Here you will find answers to the most frequently asked Rubix ML questions.

What environment (SAPI) should I run Rubix in?#

All Rubix programs are designed to run from the PHP command line interface (CLI). The reason almost always boils down to performance and memory consumption.

If you want to serve your trained estimators in production then you can use the Rubix Server library to run an optimized standalone model server.

To run your script using the PHP command line interface (CLI), open a terminal window and enter:

$ php example.php

Note: The PHP interpreter must be in your default PATH for the above syntax to work.

I'm getting out of memory errors#

Try adjusting the memory_limit option in your php.ini file to something more reasonable. We recommend setting this to -1 (no limit) or slightly below your device's memory supply for best results.

You can temporarily set the memory_limit in your script by using the ini_set() function.


ini_set('memory_limit', '-1');

Note: Training can require a lot of memory. The amount necessary will depend on the amount of training data and the size of your model. If you have more data than you can hold in memory, some learners will allow you to train in batches. See the section on Online learners for more information.

What is a Tuple?#

A tuple is a way to denote an immutable sequential hetorogeneous list with a predefined length. An n-tuple is a tuple with the length of n. In some languages, tuples are a separate datatype and their properties such as immutability are enforced by the compiler/interpreter, however in PHP, tuples are denoted by sequential arrays which are mutable as a side effect.

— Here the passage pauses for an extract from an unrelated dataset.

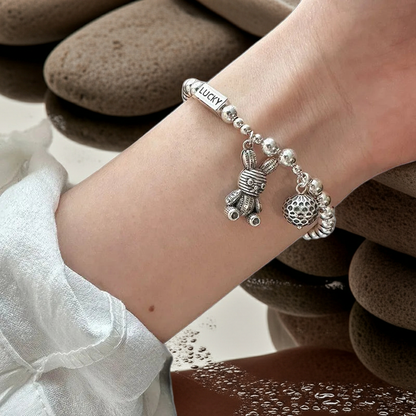 S925 Bracelets with Bear Charm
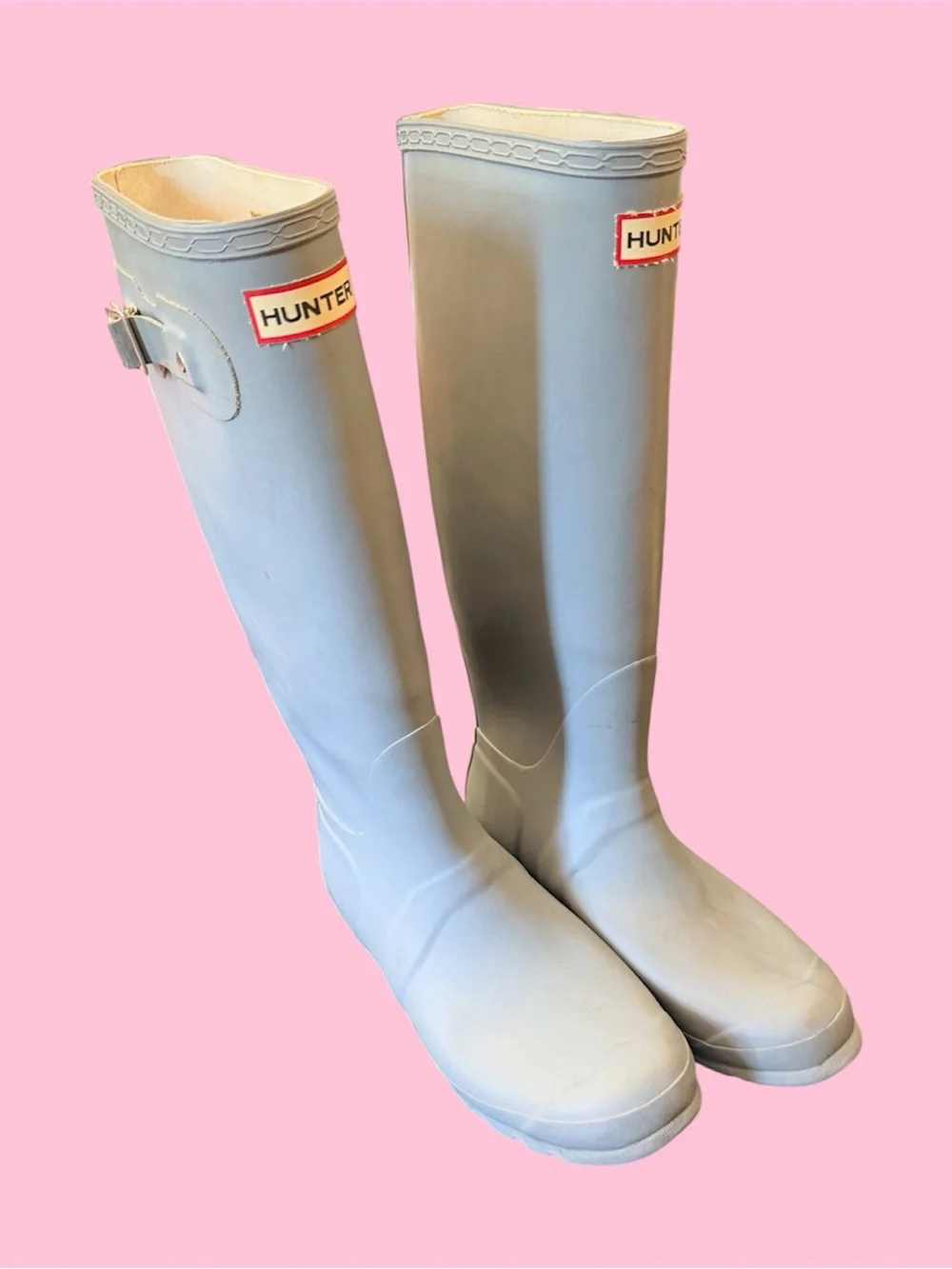 Hunter Knee-High Rain Boots in Grey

$tuple = ['first', 'second', 0.001]; // a 3-tuple

How do I import data into my project?#

There are many ways to import data into your script depending on where the data are stored. For example, if your data exist on a filesystem in comma separated (CSV) text format, you can use a library such as League CSV to read the data into memory. PHP also provides native functions for CSV manipulations if that's more your style.

What is the difference between categorical and continuous data types?#

In general, there are 2 classes of data types that Rubix ML distinguishes by convention.

Categorical (or discrete) data are those that describe a qualitative property of a sample such as gender, city, or product category and can be 1 of k possible values. Categorical feature types are always represented as string internal types.

Continuous data are quantitative properties of samples such as age, speed, or temperature and can be any number within the set of infinite real numbers. Continuous features are represented as either floating point or integer types internally.

Does Rubix support multiprocessing?#

Yes, Rubix supports parallel processing (multiprocessing) by utilizing a pluggable parallel computing Backend under the hood. Objects that implement the Parallel interface are able to take advantage of parallel computing backends.

Does Rubix support multithreading?#

Not currently, however we plan to add CPU and GPU multithreading in the future.

Does Rubix support Deep Learning?#

Yes. Deep Learning is a subset of machine learning that involves forming higher-order representations of the input features such as edges and textures in an image or word meanings in natural language processing. A number of learners in Rubix support Deep Learning including the Multi Layer Perceptron classifier and MLP Regressor.

Does Rubix support Reinforcement Learning?#

Not currently. Rubix is for supervised and unsupervised learning only.